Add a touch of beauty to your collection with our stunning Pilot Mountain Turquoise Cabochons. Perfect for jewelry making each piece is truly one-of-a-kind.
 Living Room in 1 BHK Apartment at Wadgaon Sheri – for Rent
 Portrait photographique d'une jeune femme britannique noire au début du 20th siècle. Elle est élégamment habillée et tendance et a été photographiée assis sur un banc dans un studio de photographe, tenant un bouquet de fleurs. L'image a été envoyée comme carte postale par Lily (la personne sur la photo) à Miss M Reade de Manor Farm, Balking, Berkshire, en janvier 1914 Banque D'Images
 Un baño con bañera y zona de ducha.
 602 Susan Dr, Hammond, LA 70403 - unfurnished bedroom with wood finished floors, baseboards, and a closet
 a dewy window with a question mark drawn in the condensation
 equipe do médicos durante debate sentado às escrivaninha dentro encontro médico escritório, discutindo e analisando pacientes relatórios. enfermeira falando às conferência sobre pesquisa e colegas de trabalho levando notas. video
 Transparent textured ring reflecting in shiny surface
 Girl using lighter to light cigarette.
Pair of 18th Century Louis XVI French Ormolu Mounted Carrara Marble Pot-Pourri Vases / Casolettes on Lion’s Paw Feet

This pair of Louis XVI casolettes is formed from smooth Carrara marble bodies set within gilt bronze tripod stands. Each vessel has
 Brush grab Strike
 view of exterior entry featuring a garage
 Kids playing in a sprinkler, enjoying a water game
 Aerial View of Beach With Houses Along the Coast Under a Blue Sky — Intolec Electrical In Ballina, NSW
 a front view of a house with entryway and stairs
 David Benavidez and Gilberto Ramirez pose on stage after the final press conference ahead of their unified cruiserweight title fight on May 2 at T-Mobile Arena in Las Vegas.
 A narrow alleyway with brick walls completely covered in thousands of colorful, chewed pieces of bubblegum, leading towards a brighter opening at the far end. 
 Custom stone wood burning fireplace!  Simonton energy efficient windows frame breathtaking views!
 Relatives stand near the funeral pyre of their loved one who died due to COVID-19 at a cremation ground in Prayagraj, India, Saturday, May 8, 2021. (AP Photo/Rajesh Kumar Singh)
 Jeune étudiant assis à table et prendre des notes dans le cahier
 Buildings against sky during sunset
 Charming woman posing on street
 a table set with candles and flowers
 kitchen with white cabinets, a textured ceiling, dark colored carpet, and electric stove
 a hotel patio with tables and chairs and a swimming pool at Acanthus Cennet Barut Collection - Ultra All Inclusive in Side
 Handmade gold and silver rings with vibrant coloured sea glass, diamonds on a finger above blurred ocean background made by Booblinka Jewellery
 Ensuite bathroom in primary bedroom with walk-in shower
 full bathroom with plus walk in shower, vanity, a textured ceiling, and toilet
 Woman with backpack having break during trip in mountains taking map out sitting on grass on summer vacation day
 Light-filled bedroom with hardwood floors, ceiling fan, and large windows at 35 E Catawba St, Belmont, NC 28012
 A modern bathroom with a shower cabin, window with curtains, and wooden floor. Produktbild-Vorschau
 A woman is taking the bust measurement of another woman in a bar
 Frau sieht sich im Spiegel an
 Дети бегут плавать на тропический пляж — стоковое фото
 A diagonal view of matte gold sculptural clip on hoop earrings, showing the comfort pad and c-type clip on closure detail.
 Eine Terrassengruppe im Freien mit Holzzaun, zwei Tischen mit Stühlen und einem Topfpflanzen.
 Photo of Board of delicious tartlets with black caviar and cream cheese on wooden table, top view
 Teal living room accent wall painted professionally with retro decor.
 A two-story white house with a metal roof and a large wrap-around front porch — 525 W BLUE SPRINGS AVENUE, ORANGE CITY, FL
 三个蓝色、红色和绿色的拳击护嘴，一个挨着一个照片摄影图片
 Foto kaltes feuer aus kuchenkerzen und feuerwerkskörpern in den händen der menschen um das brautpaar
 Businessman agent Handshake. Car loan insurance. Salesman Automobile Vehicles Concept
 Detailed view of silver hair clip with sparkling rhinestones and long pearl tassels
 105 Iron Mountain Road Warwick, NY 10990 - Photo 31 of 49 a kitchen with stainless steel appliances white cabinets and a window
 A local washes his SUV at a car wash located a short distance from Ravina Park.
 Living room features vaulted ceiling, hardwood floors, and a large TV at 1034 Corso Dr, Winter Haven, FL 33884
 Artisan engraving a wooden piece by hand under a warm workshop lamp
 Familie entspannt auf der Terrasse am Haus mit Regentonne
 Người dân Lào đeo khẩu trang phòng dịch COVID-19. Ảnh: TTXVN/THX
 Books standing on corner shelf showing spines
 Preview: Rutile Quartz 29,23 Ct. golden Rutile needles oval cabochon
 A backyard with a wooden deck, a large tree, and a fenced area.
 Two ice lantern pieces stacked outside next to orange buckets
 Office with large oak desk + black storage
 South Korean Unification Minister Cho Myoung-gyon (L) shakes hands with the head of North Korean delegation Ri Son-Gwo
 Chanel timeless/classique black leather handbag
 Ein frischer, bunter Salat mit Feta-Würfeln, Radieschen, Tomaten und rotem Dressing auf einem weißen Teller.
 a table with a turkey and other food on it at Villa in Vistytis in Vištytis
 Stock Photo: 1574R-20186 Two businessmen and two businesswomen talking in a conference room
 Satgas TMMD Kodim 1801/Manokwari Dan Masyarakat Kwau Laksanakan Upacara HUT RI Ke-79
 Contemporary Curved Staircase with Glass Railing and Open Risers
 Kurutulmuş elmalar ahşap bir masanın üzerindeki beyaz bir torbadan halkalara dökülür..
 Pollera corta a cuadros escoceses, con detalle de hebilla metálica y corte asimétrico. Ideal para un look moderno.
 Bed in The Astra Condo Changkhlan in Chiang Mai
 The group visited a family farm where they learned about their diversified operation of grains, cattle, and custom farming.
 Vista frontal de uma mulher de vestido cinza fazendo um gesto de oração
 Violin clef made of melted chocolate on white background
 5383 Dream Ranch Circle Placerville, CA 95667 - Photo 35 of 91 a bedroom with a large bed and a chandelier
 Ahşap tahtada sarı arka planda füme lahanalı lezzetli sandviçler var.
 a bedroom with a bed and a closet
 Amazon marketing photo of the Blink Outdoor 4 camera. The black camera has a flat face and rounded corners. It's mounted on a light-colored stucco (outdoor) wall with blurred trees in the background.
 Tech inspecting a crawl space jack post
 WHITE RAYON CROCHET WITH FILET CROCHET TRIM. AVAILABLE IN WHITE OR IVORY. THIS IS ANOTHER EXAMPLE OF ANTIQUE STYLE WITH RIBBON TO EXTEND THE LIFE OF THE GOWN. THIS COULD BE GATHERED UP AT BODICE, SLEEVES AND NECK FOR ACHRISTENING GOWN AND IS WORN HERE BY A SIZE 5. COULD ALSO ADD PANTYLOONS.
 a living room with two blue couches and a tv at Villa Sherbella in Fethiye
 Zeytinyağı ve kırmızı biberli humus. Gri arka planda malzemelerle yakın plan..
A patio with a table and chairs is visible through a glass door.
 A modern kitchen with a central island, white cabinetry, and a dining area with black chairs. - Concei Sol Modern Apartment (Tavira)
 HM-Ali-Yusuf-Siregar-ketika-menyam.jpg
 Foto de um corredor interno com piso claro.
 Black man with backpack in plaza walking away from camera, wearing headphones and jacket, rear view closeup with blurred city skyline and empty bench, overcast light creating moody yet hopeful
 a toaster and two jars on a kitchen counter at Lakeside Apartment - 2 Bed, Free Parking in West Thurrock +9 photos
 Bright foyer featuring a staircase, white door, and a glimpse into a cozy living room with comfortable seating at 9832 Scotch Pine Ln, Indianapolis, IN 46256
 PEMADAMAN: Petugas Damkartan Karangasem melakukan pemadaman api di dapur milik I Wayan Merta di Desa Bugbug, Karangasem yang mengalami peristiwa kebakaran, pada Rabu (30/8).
---+---
Above this instruction are the records; retype exactly the lines from the one containing "Handmade gold and" up to and including the one containing "A diagonal view".

 Handmade gold and silver rings with vibrant coloured sea glass, diamonds on a finger above blurred ocean background made by Booblinka Jewellery
 Ensuite bathroom in primary bedroom with walk-in shower
 full bathroom with plus walk in shower, vanity, a textured ceiling, and toilet
 Woman with backpack having break during trip in mountains taking map out sitting on grass on summer vacation day
 Light-filled bedroom with hardwood floors, ceiling fan, and large windows at 35 E Catawba St, Belmont, NC 28012
 A modern bathroom with a shower cabin, window with curtains, and wooden floor. Produktbild-Vorschau
 A woman is taking the bust measurement of another woman in a bar
 Frau sieht sich im Spiegel an
 Дети бегут плавать на тропический пляж — стоковое фото
 A diagonal view of matte gold sculptural clip on hoop earrings, showing the comfort pad and c-type clip on closure detail.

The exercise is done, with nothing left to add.